* **WHAT NEEDS TO BE DONE**:
Would you repeat the data below exactly, taking out the images?

* **STORED DATA**:

····················

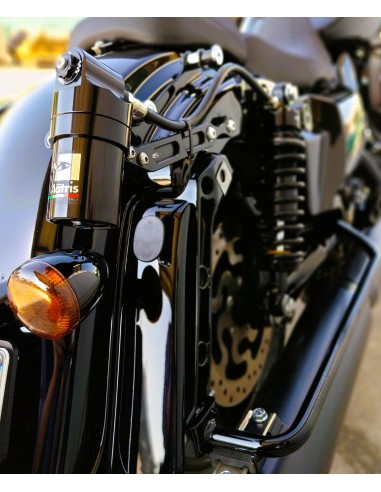amortiguador trasero matris m40tf mh146 1tfk para harley davidson street glide flhxs 117 2
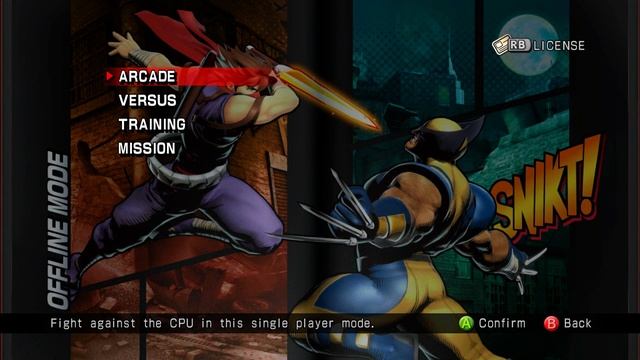 Мои первые впечатления от игры Ultimate Marvel vs. Capcom 3 смотреть онлайн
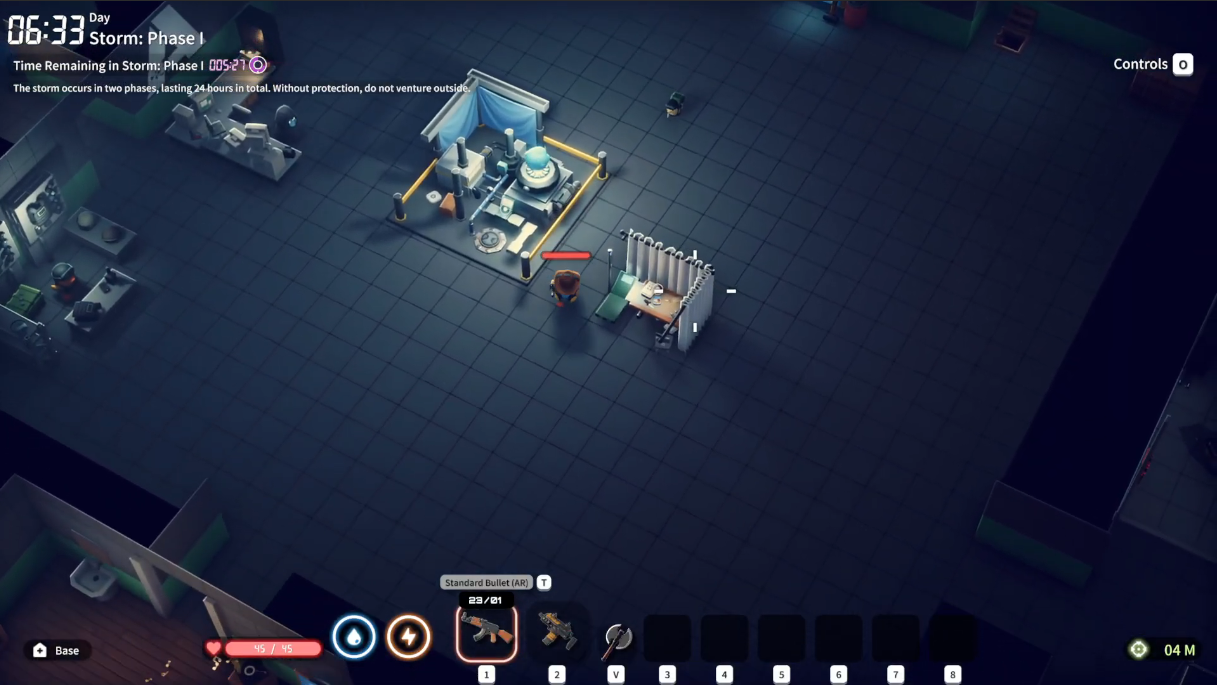 Escape From Duckov - Basic Construction (Medical) Walkthrough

····················

* **RESPONSE**:
amortiguador trasero matris m40tf mh146 1tfk para harley davidson street glide flhxs 117 2
 Мои первые впечатления от игры Ultimate Marvel vs. Capcom 3 смотреть онлайн
 Escape From Duckov - Basic Construction (Medical) Walkthrough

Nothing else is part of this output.